The /backups directory contains old copies of look-up files.
The /loaded-data directory contains a copy of the inventory data file that was loaded to Arctos via the bulkloader. These files are also archived on the Collections server in their respective discipline directories. This directory also includes any bulkloaded updates to data already on Arctos and copies of additional new aquisitions bulkloaded to Arctos.
The /lookups directory contains the most up-to-date lookup for accessions, agents, geography, and storage (part) locations. These files should be used while cleaning inventory data to save time and ensure consistency.
The /refine-scripts directory contains JSON snippets to use in OpenRefine while cleaning data.
The /taxon-authorities directory contains backups of the taxon authorities we worked on under the NSF InvertEBase PEN grant.
The /workflows directory contains descriptive workflows of processes done during the NSF InvertEBase PEN grant. THIS IS A VERY USEFUL PLACE FOR INFORMATION.
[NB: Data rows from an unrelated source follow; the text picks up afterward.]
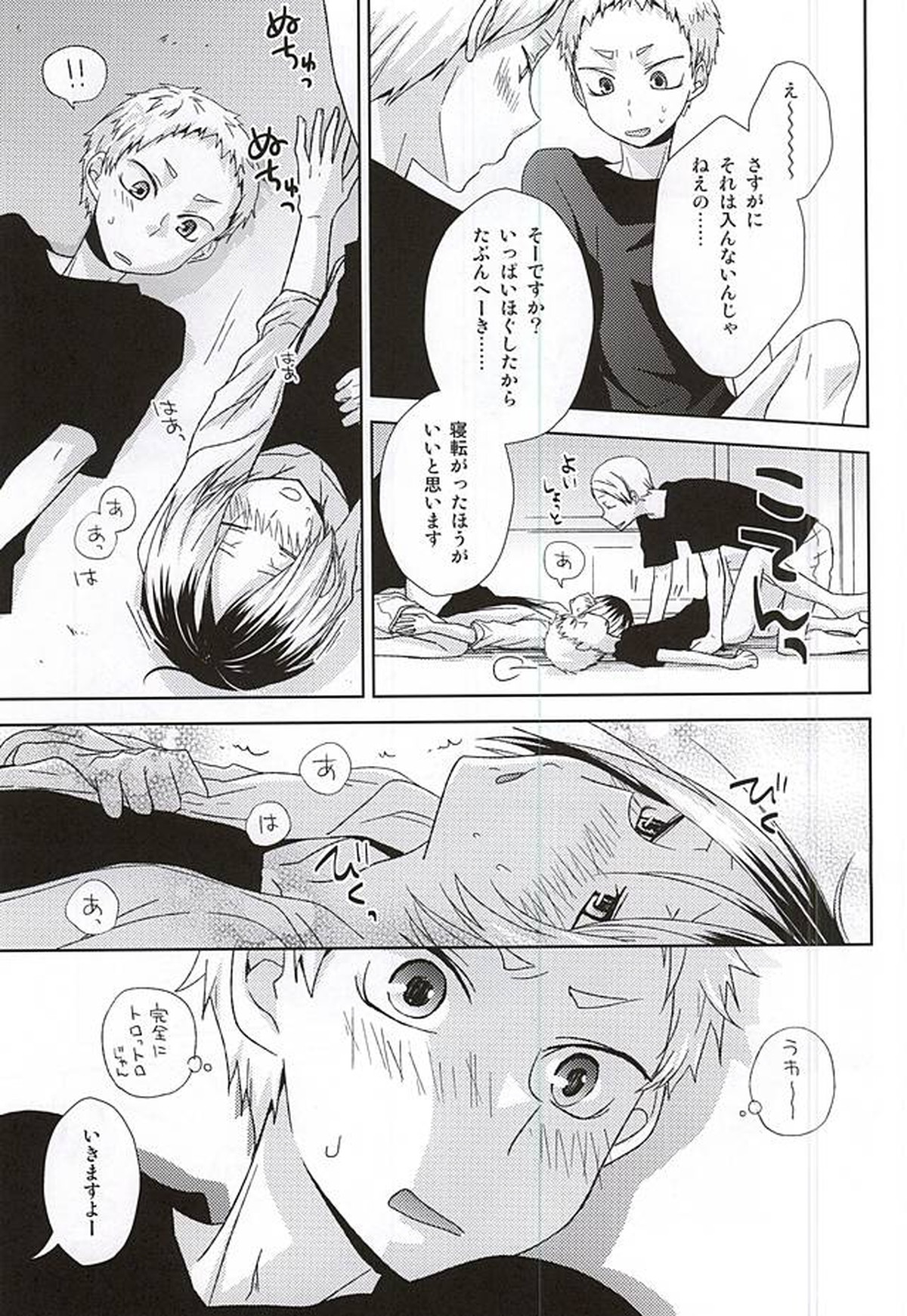 HOWtoPLAY tutrial【ハイキュー!!/リエ夜久】 page 20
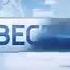 Заставка Местное время Россия 1 и 24 21 02 2014 н в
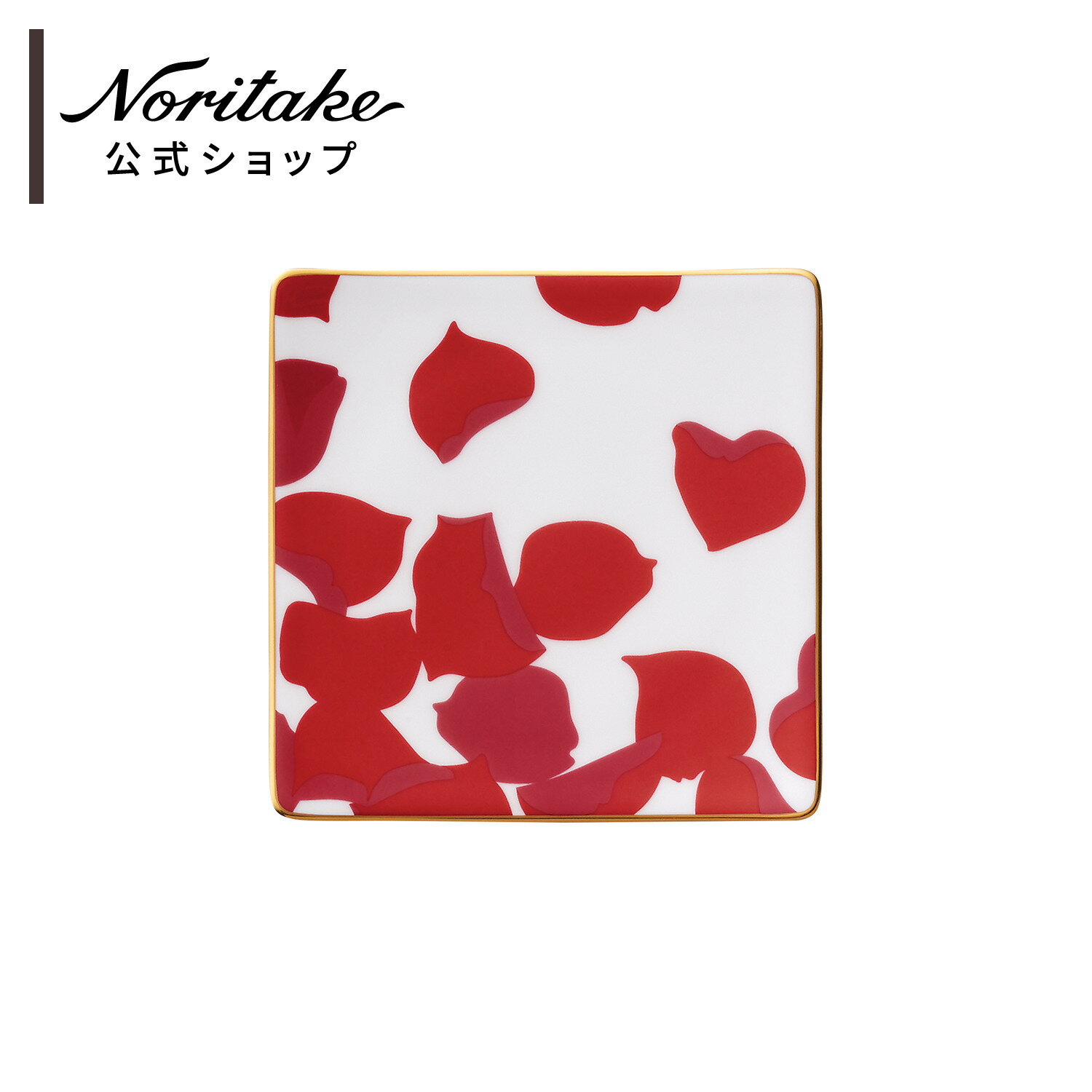 ノリタケ ローザロッサ 15cmスクエアプレート ( ケーキ皿 取り皿 花柄 赤 おしゃれ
The /working-files directory contains an archive of assorted files that are referenced by workflows.
Issues for this repository are a to-do list of what needs to be done related to data cleaning and migration into Arctos.
The wiki for this repository is another VERY USEFUL PLACE FOR INFORMATION. In the wiki we recorded notes on the migration process. These notes are a hodge-podge of information that didn’t fit elsewhere.